Cette quiétude qui saute aux yeux n’a pas toujours été présente. Après le passage du cyclone Hollanda, Lallmatie a fait la une des journaux avec la psychose qu’avait provoquée le phénomène Touni minwi, alors qu’il y avait un black-out dans la région. Ce mauvais souvenir trotte dans les têtes. “C’était une personne de la région qui faisait cela. Aujourd’hui, il n’y en a plus”, affirme Vijay Newoor, 69 ans, cordonnier. “Ça n’a jamais existé, je suis sorti moi-même pour aller voir. Je n’ai jamais rien vu”, confie pour sa part Parmonon Kathapermall, boutiquier de 69 ans.

Des histoires farfelues.

Ce dernier est un des doyens du village. Cet ancien marchand de pistaches et ses frères ont ouvert la première boutique de Lallmatie, qu’il gère aujourd’hui aux côtés de sa fille. Ils sont très connus dans les parages pour leurs délices sucrés, dont sont friands les clients de Lallmatie et d’ailleurs. Parmonon Kathapermall affirme que le village s’appelait “la mare leti” avant de se transformer en son nom actuel. À côté de la boutique se nichait une ancienne salle de cinéma, très populaire à l’époque. “Dimounn ti pe mont lor dimounn pou aste tiket”, raconte un autre habitant de la région.

Pour revenir à l’épisode du fameux loup-garou, plusieurs témoignages de l’époque parlaient de manifestations effrayantes, le soir venu. “C’était une psychose. Les gens disaient qu’ils avaient vu le loup-garou. Il y avait de nombreuses histoires farfelues. Certains affirmaient que leur bicyclette roulait toute seule. Un motocycliste roule malheureusement dans un trou et vient affirmer que c’est le loup-garou qui l’a fait tomber. Je n’y croyais pas au début, mais à force d’entendre des histoires, j’ai fini par douter. Un intellectuel avait raconté que le loup-garou était venu chez lui et qu’il l’avait serré dans ses bras. Il l’aurait lâché après que celui-ci a commencé à prier. Cela m’avait quelque peu perturbé. Un soir, en arrivant à la maison, je me suis rendu compte que j’avais oublié ma bicyclette près de la croisée. Je n’ai pas eu le courage d’aller la chercher.

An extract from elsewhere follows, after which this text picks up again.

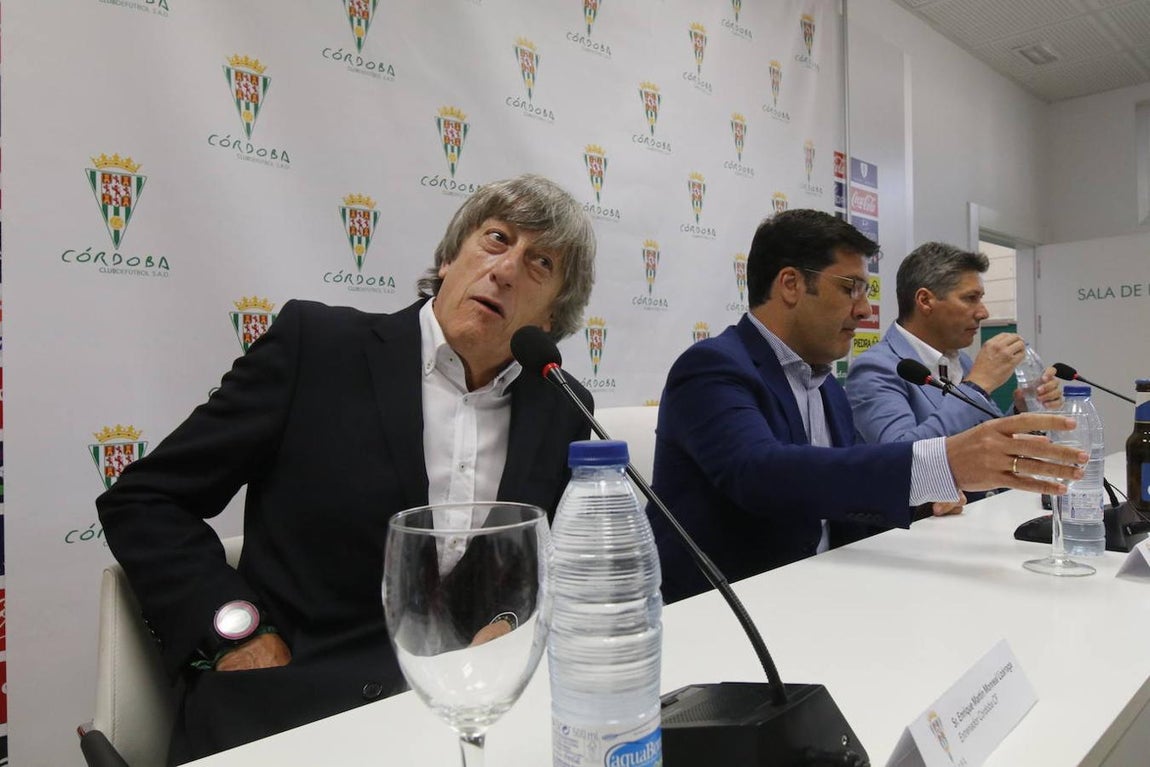 El día uno de Enrique Martín, en imágenes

J’y suis allé le lendemain matin.”

Développement.

La psychose avait sans doute été accentuée par l’histoire de la “calèche de Lallmatie” qui, quelques années plus tôt, avait créé un vent de panique dans le village. Certains habitants affirmaient avoir aperçu deux vieilles femmes habillées tout en blanc montant des chevaux blancs vers minuit.

Tous ces épisodes ont contribué à donner une connotation péjorative au nom du village. Lontan dimounn ti pe dir “baya Quatre cocos” kan zot ti anvi dir “enn dimounn sovaz”. Après l’épisode du loup-garou, certains avaient honte de dire qu’ils habitaient Lallmatie”, nous dit-on. Mais ce temps-là est révolu, affirment les habitants. Lallmatie est désormais un endroit où il fait bon vivre et qui est un exemple pour les villages des alentours.

Selon un villageois, le développement de Lallmatie a débuté avec le bon vouloir de quelques agents politiques. “Ils sont allés collecter de l’argent dans l’île Maurice entière pour créer le Swaraj Bawan, le Bâtiment de l’Indépendance. Ils y ont également créé une foire, qui a attiré les gens des villages avoisinants. Cet espace-là était devenu un centre névralgique. On y fêtait l’indépendance de l’Inde chaque 15 août. Il y avait énormément de gens qui venaient y assister.” Petit à petit, des banques se sont ouvertes dans la région, ainsi qu’une salle de cinéma, transformant Lallmatie en un centre pour toute la région. “Le développement de Lallmatie a débuté ainsi.”